DATA EXCERPTS.

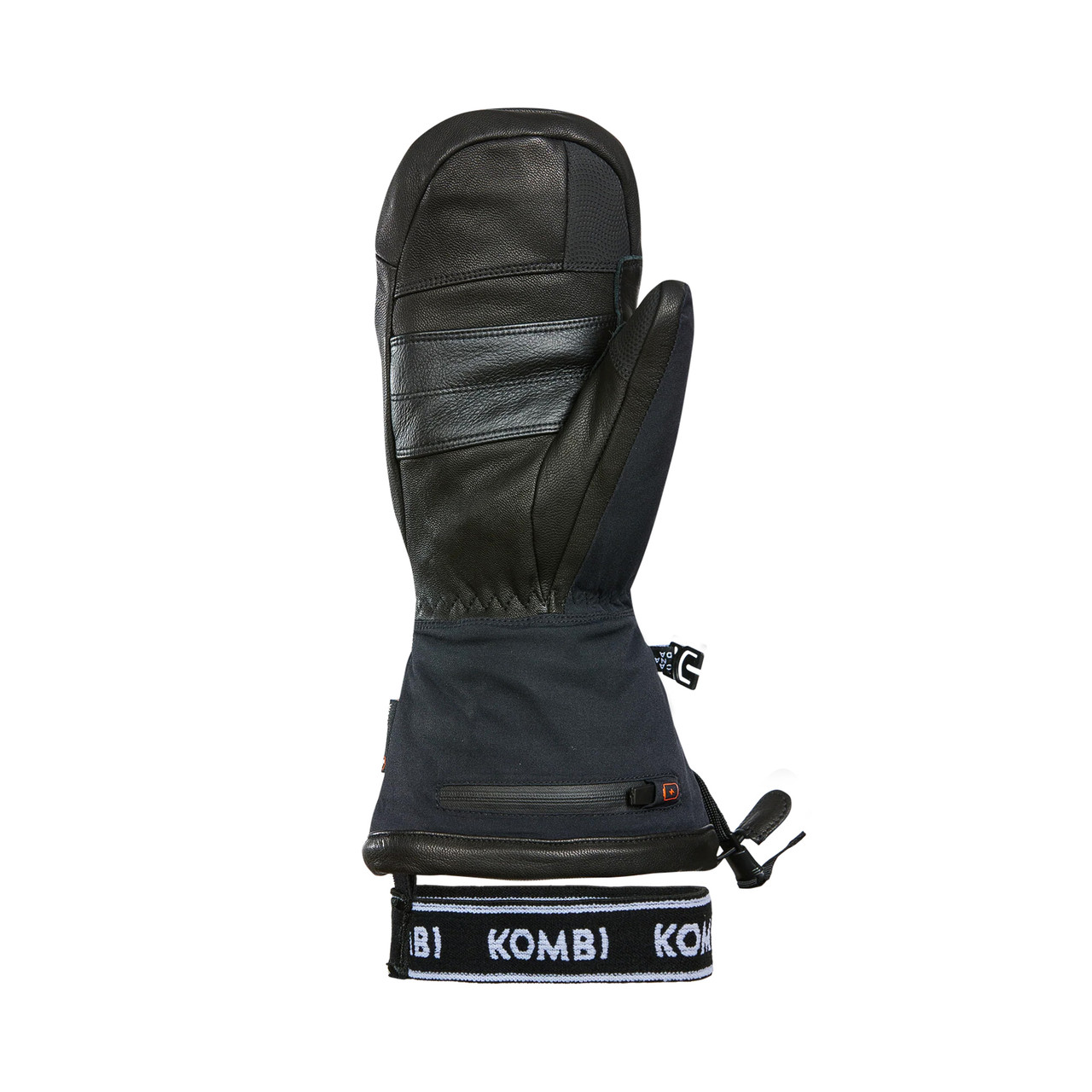 Kombi Warm It Up Heated Mitts - Unisex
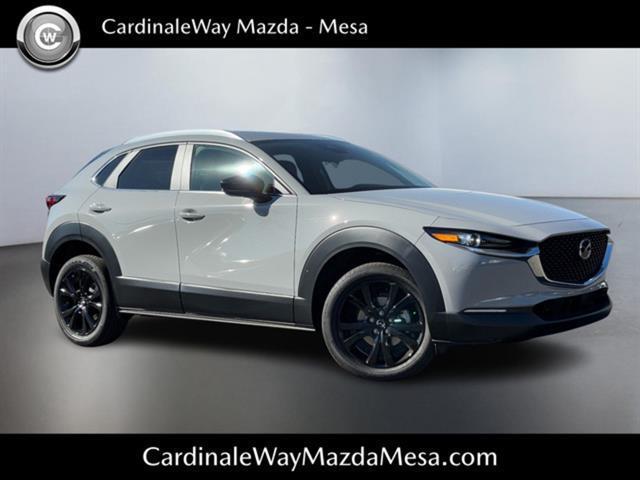 new 2025 Mazda CX-30 car, priced at $27,802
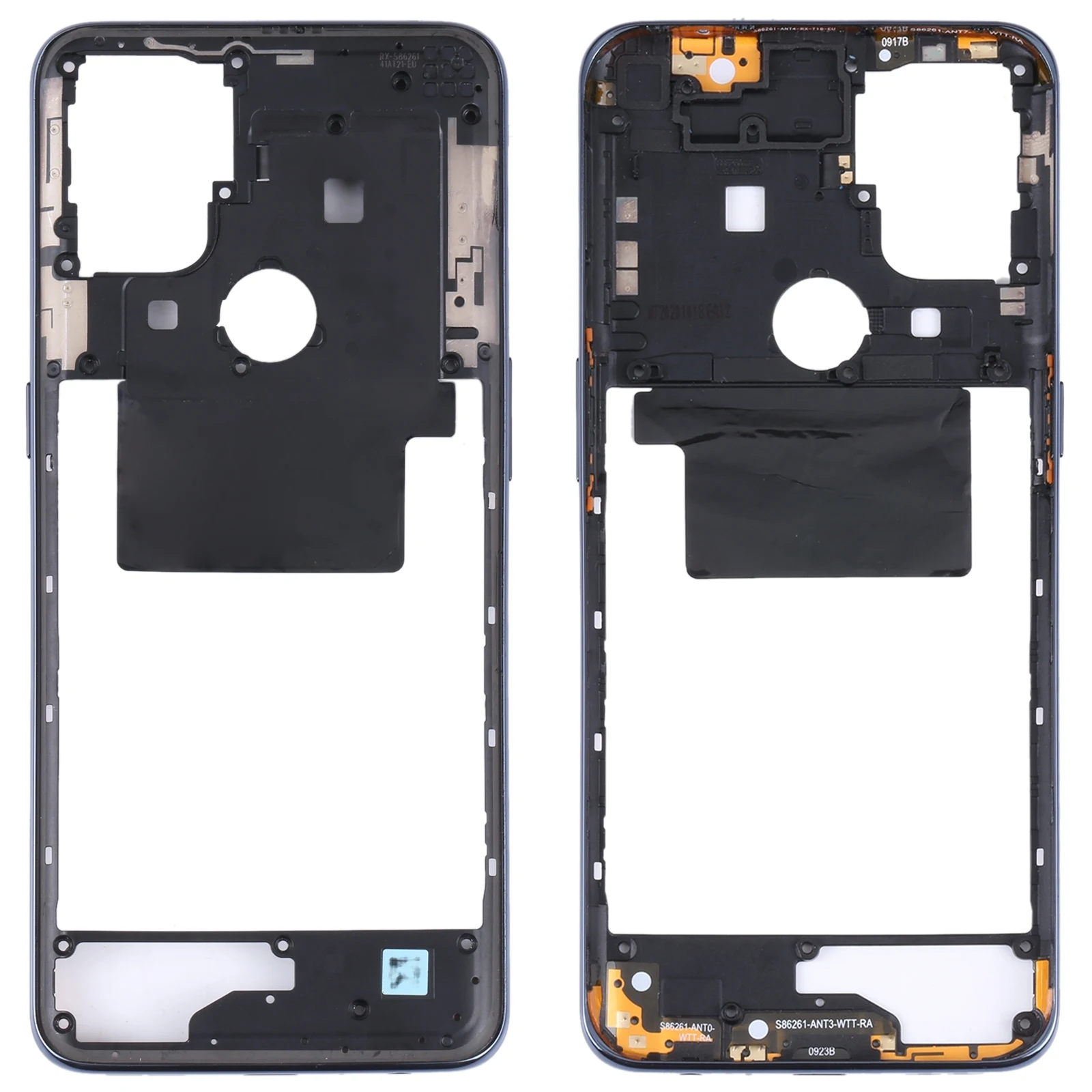 

For OnePlus Nord N10 Middle Frame Bezel Plate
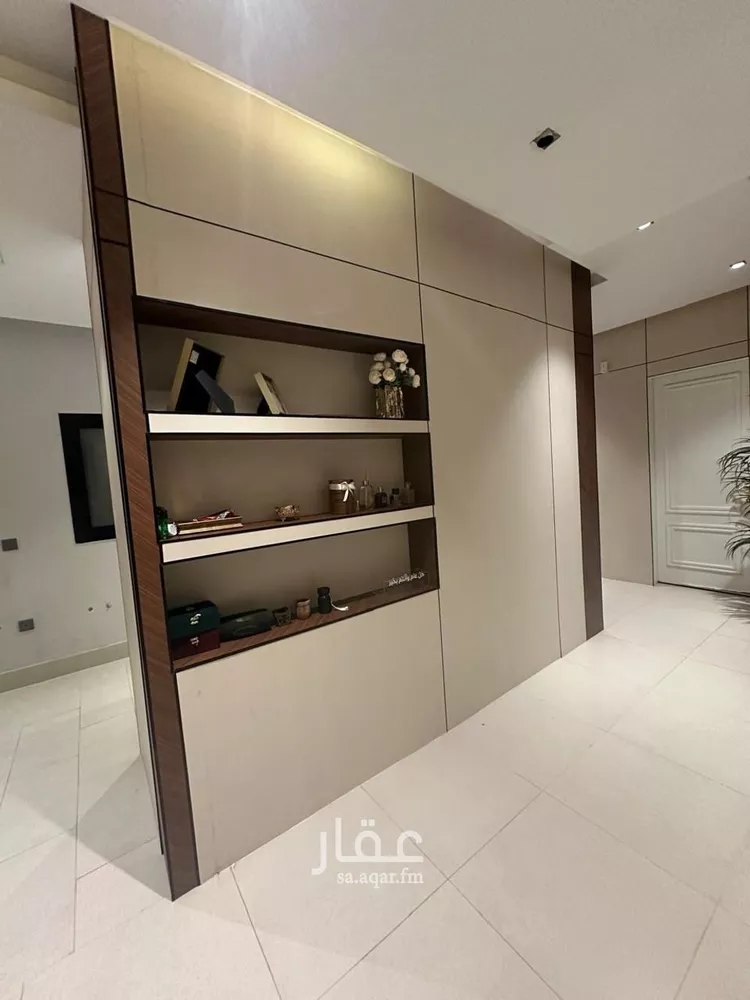 شقة للإيجار في شارع أبحر, حي الملقا, مدينة الرياض, منطقة الرياض صورة 5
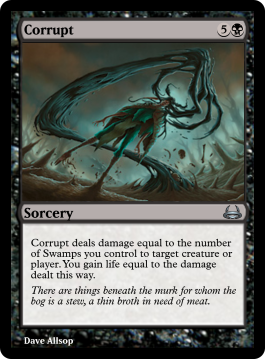 Corrupt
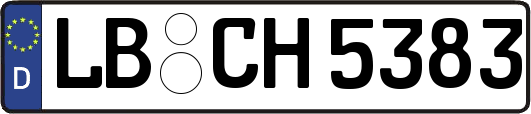 LB-CH5383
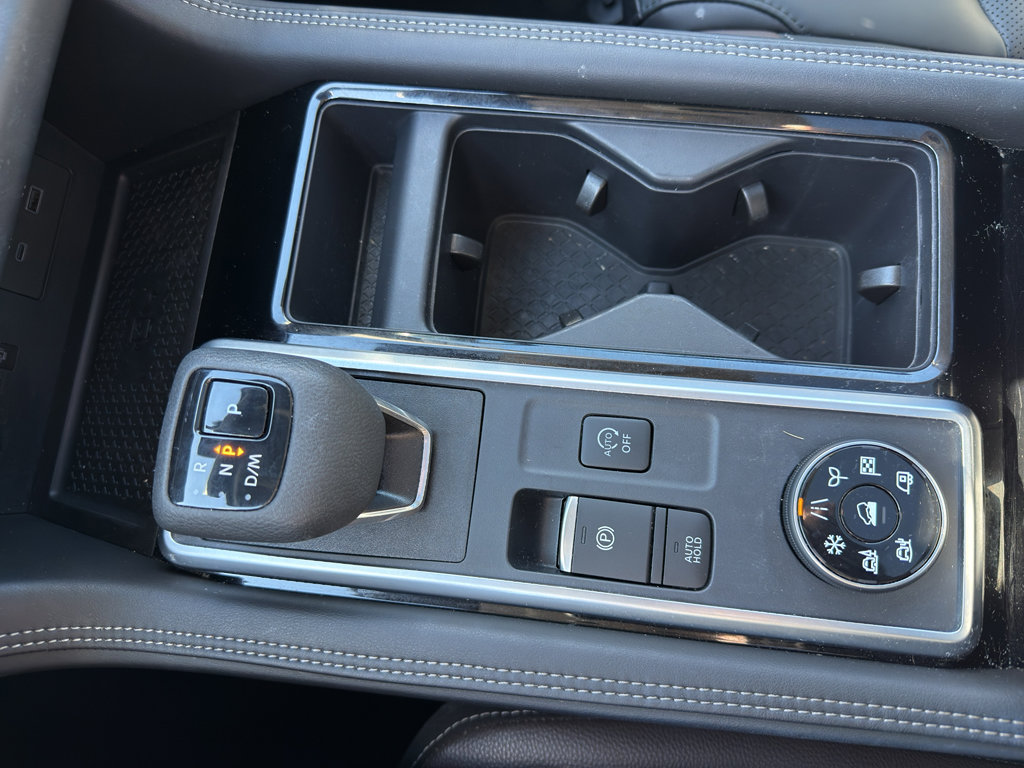 Certified 2024 Nissan Pathfinder Platinum w/ Cargo Package image 22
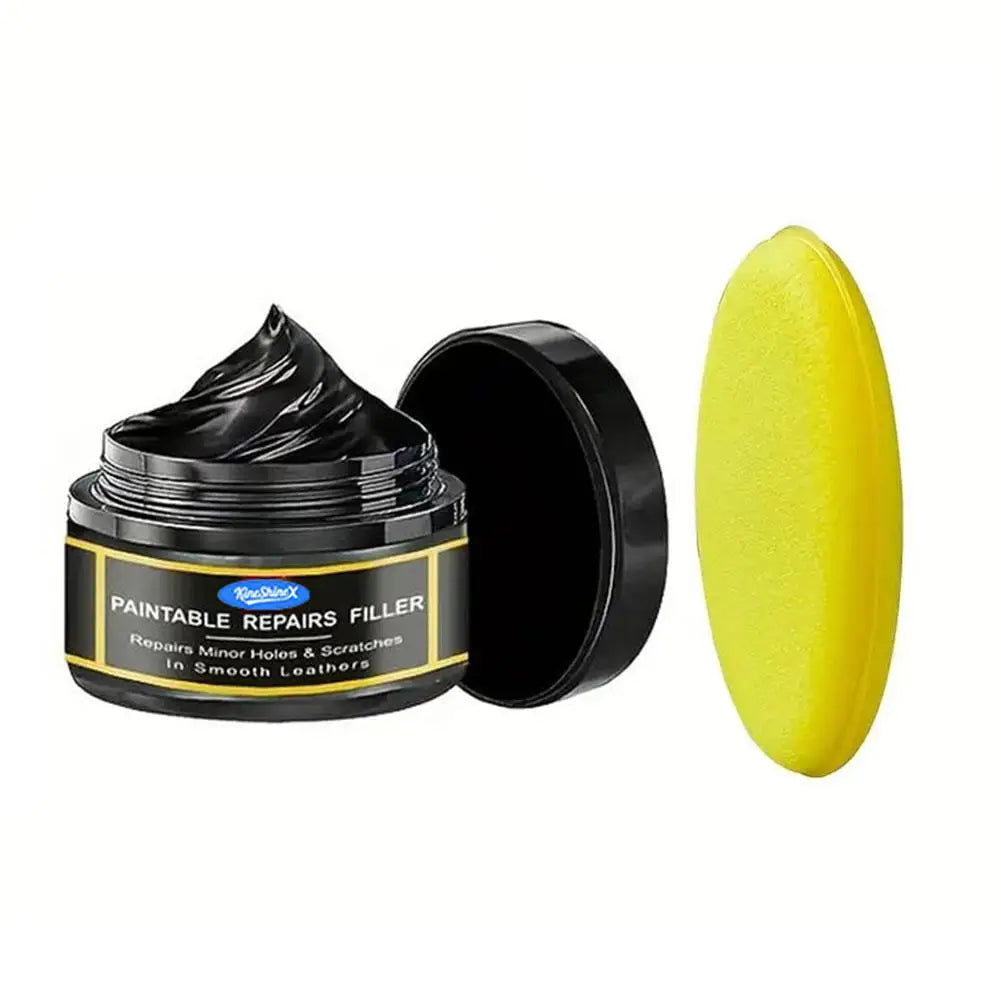 Crème Rénovatrice pour Plastiques Auto – Intérieur & Extérieur
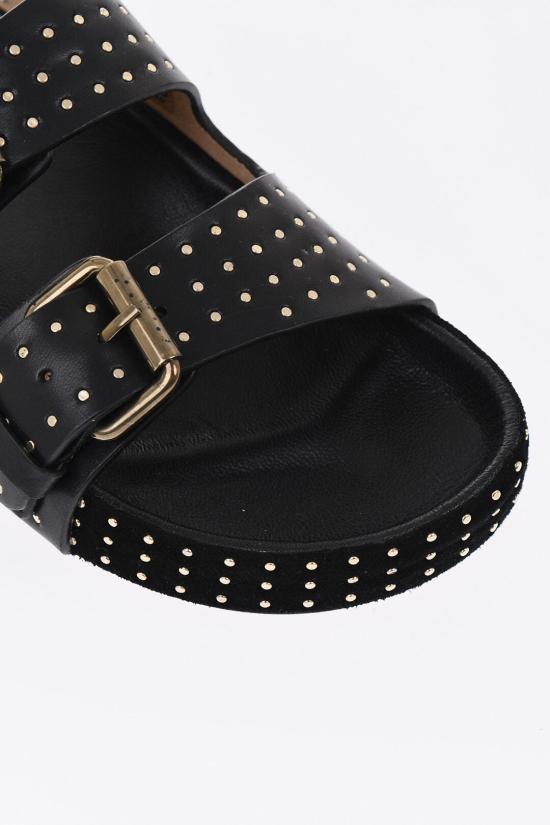  이자벨마랑 샌들 SD0118FA B2B03S 01BK Black - ISABEL MARANT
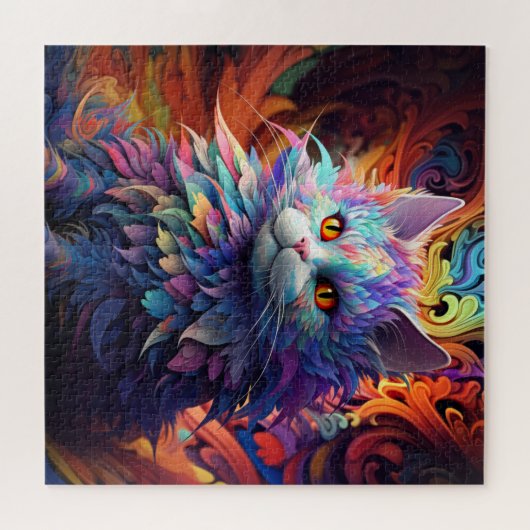 Whisker Wonder Puzzle (Horizontal)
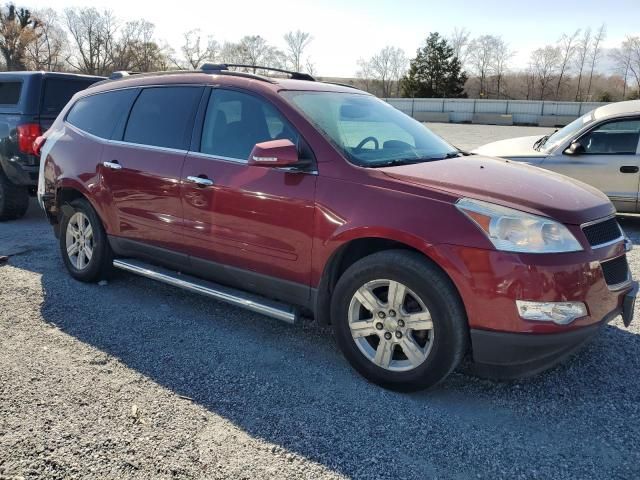 2011 Chevrolet Traverse LT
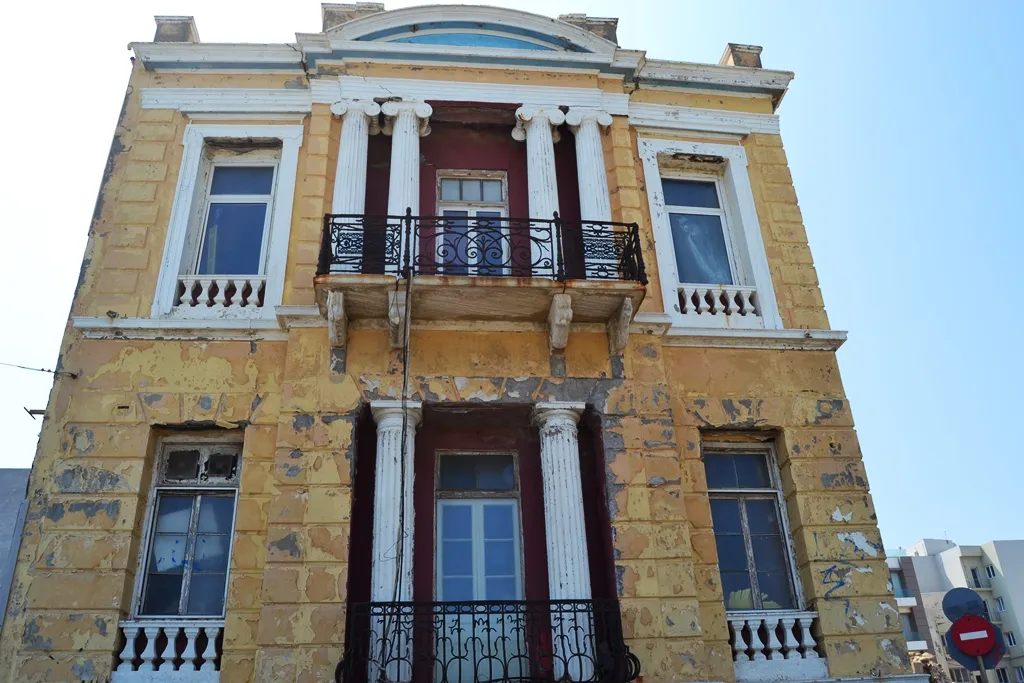 βίλα προς πώληση 480 τ.μ Ηράκλειο Κρήτης Νομός Ηρακλείου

WORK ITEM. Restrict the output to the lines from the one with "Whisker Wonder Puzzle (Horizontal)" through the last line of the material above. Print them exactly, leaving out every picture.

EXERCISE RESULT.
 Whisker Wonder Puzzle (Horizontal)
 2011 Chevrolet Traverse LT
 βίλα προς πώληση 480 τ.μ Ηράκλειο Κρήτης Νομός Ηρακλείου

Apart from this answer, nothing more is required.